1. Library Installation and Imports
First, install and import the necessary libraries:

In [None]:
# Install required libraries
!pip install googletrans==4.0.0-rc1 navertrans nltk

import pandas as pd
from googletrans import Translator
from navertrans import navertrans
import nltk
from nltk.tokenize import sent_tokenize

# Download the Punkt tokenizer for sentence splitting
nltk.download('punkt')


2. Translation Function
This function translates text based on the detected language:

If the language is Chinese (Traditional or Simplified), it uses Naver's translator to translate from Chinese to English.
If the language is Japanese, it translates from Japanese to English using Naver.
For any other language, it first detects the language with Google Translate and then uses Naver to translate to English.

In [None]:
def translate_text(text, source_lang=None):
    # Initialize Google Translate for language detection
    translator = Translator(service_urls=['translate.google.com', 'translate.google.co.kr'])
    
    # Detect language if not provided
    detected_lang = translator.detect(text).lang if not source_lang else source_lang
    
    # Translate based on detected language
    if detected_lang == 'zh-cn' or detected_lang == 'zh-tw':
        # Translate Chinese to English
        return navertrans.translate(text, src_lan="zh-CN", tar_lan="en")
    elif detected_lang == 'ja':
        # Translate Japanese to English
        return navertrans.translate(text, src_lan="ja", tar_lan="en")
    else:
        # For other languages, use detected language with Naver to translate to English
        return navertrans.translate(text, src_lan=detected_lang, tar_lan="en")


3. Spell-Check Function
For spell-checking English text, the TextBlob library is used:

In [None]:
from textblob import TextBlob

def spell_check(text):
    # Perform spell-check on English text
    corrected_text = str(TextBlob(text).correct())
    return corrected_text


4. Sentence Splitting Function
This function splits text into individual sentences and stores them in a new DataFrame. It takes the original DataFrame (sentence_df) and the column containing the text to be split (target_column).

In [None]:
def split_sentence(sentence_df, target_column):
    # DataFrame to store split sentences
    splited_sentence_df = pd.DataFrame()
    
    for row_idx, row in sentence_df.iterrows():
        review = row[target_column]
        # Skip rows if text is NaN or not a string
        if pd.isna(review) or not isinstance(review, str):
            continue
            
        # Split text into sentences
        sentences = sent_tokenize(review)
        for sent in sentences:
            # Copy original row and add split sentence
            row_copy = pd.DataFrame(row.copy()).T
            row_copy['Separated' + target_column] = sent
            splited_sentence_df = pd.concat([splited_sentence_df, row_copy], ignore_index=True)
    
    return splited_sentence_df


5. Complete Code Workflow Example
To integrate everything, here’s how to process a DataFrame using the functions defined above:

In [None]:
# Sample data and DataFrame
data = {
    'Review': ['This sentence is written in Korean.', 'これは日本語で書かれています。', '这是一段中文文本。']
}
df = pd.DataFrame(data)

# Apply translation and spell-check
df['Translated_Review'] = df['Review'].apply(translate_text)
df['SpellChecked_Review'] = df['Translated_Review'].apply(spell_check)

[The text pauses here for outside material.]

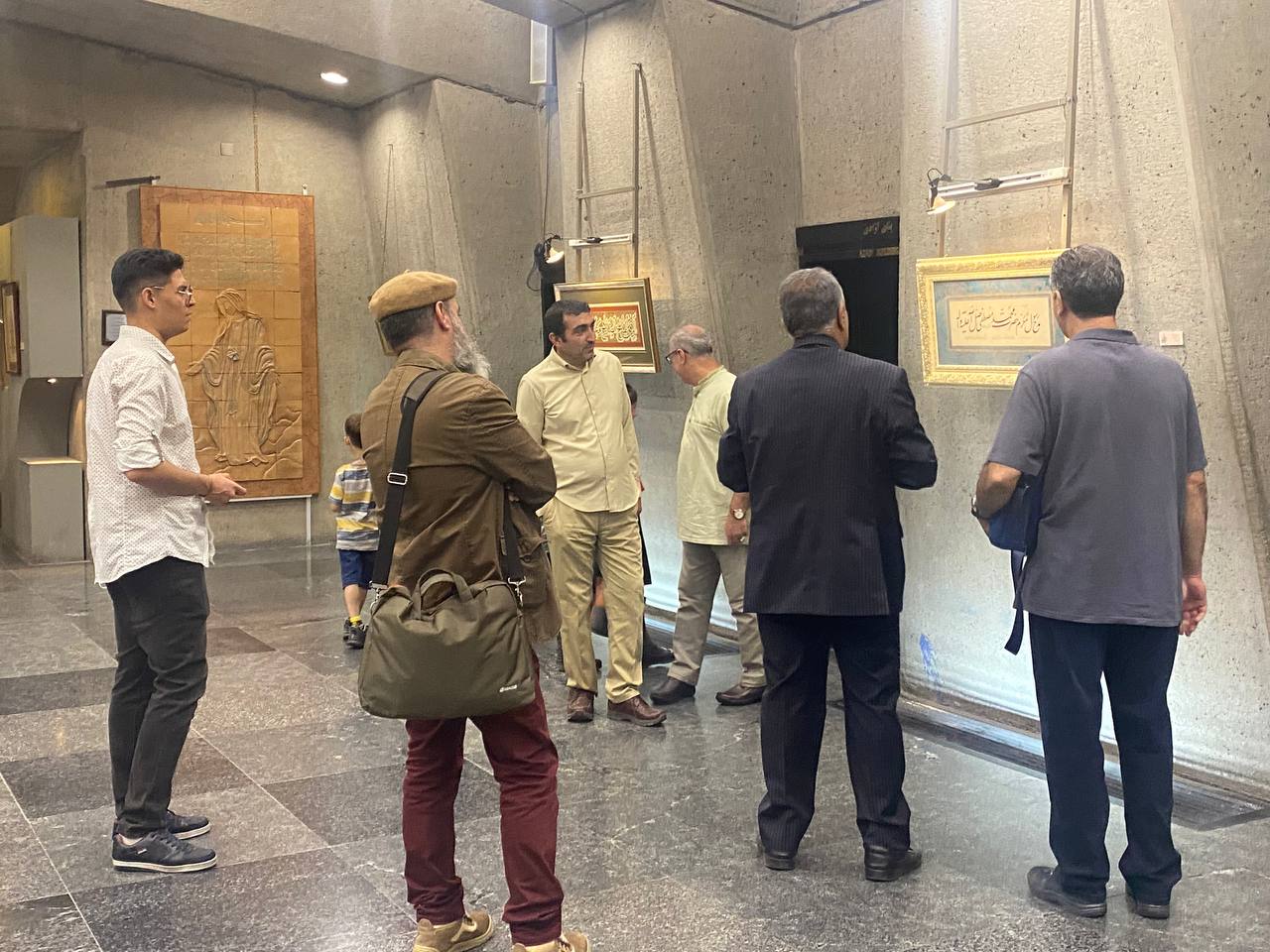 حضور هنرمندان و استادان خوشنویسی در نمایشگاه «طریق عشق»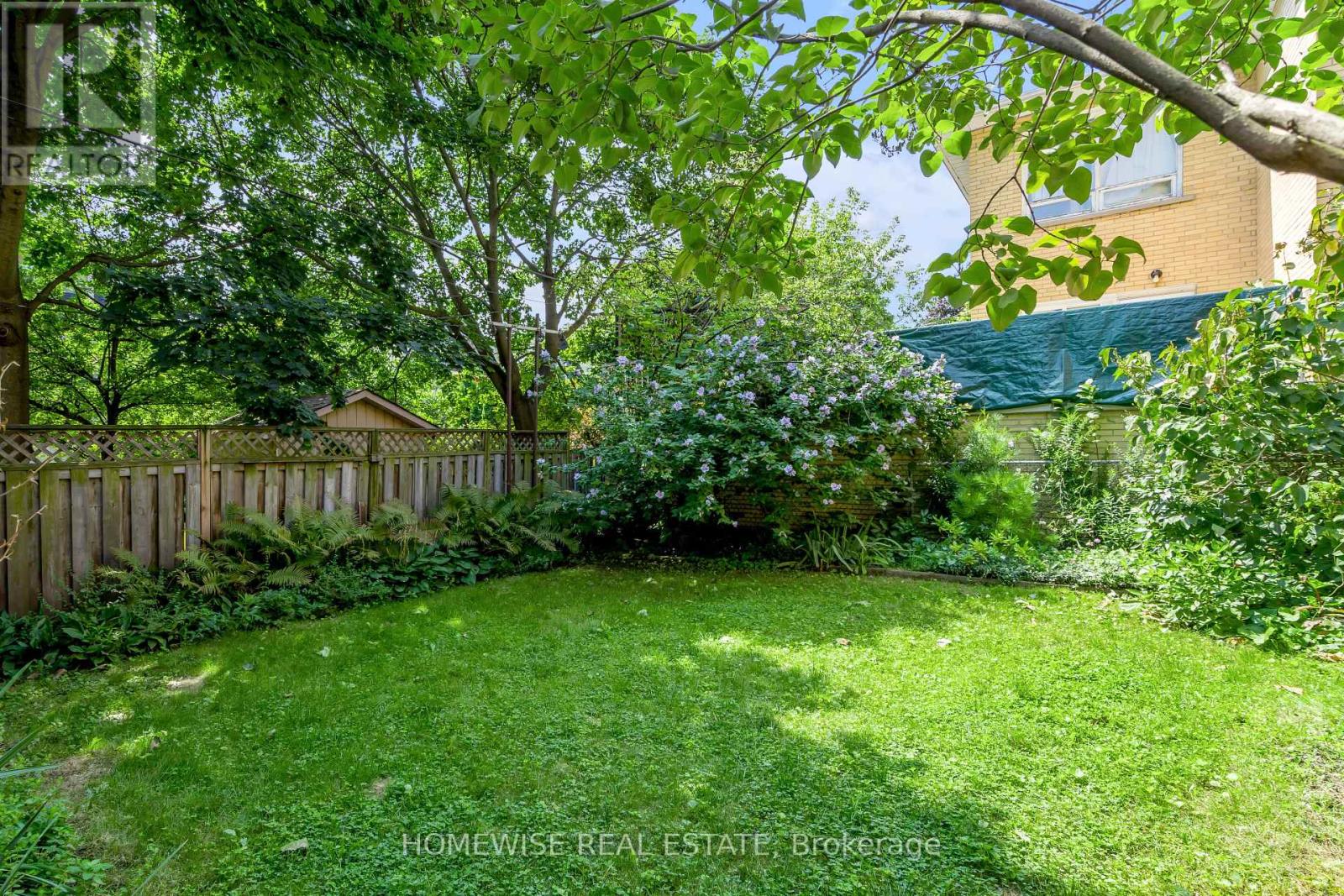 203 - 5 High Park Boulevard, Toronto, Ontario  M6R 1M5 - Photo 10 - W9261050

# Apply sentence splitting
splitted_df = split_sentence(df, 'SpellChecked_Review')


Explanation of the Workflow:
Translation: translate_text translates the text in the Review column based on the detected language.
Spell-Check: spell_check corrects any English spelling errors in the translated text.
Sentence Splitting: split_sentence divides the spell-checked English text into individual sentences and stores them in splitted_df.
This structure allows for efficient, step-by-step processing of multilingual text data, making it easier to handle translations, corrections, and sentence-level analysis.